• [Given data]

------------------------------

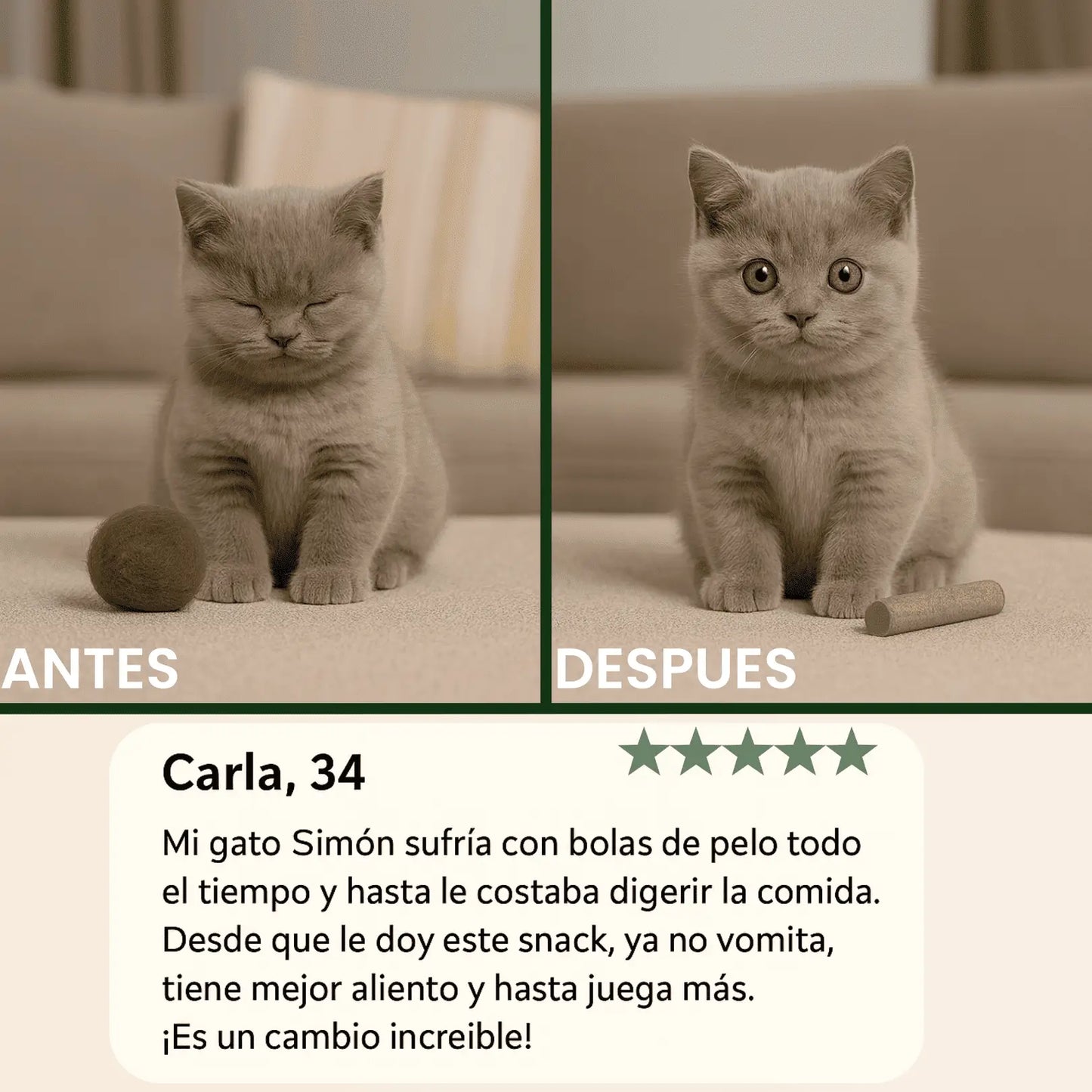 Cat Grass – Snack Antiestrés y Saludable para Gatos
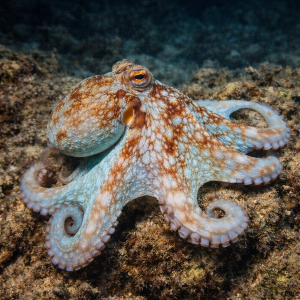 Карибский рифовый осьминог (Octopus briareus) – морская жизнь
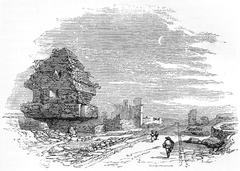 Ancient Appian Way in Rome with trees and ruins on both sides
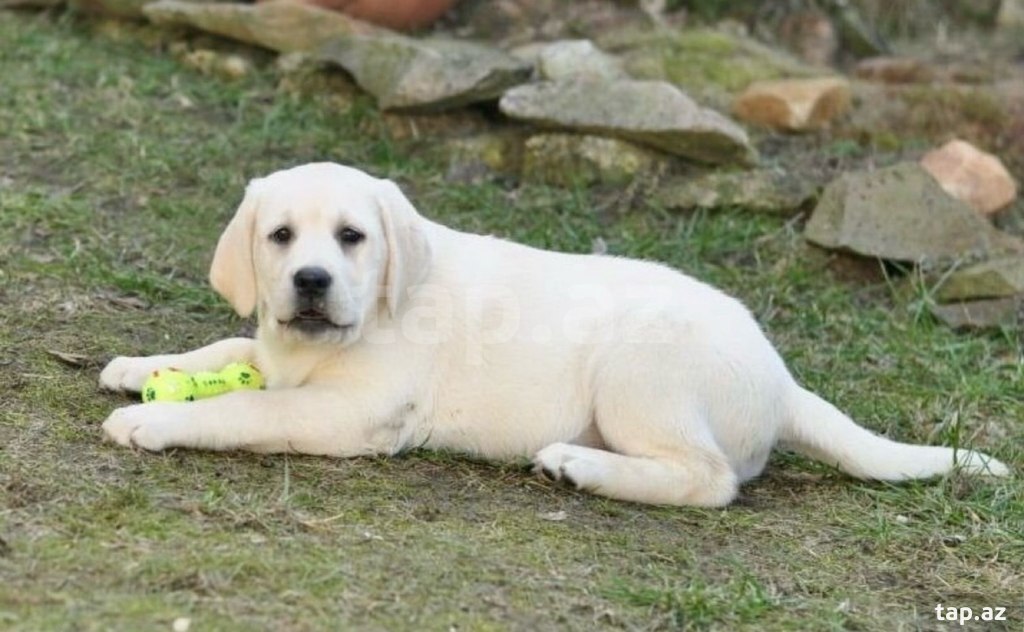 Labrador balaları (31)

------------------------------

The material above must be reproduced line for line, with the images omitted.

• [Task solution]
 Cat Grass – Snack Antiestrés y Saludable para Gatos
 Карибский рифовый осьминог (Octopus briareus) – морская жизнь
 Ancient Appian Way in Rome with trees and ruins on both sides
 Labrador balaları (31)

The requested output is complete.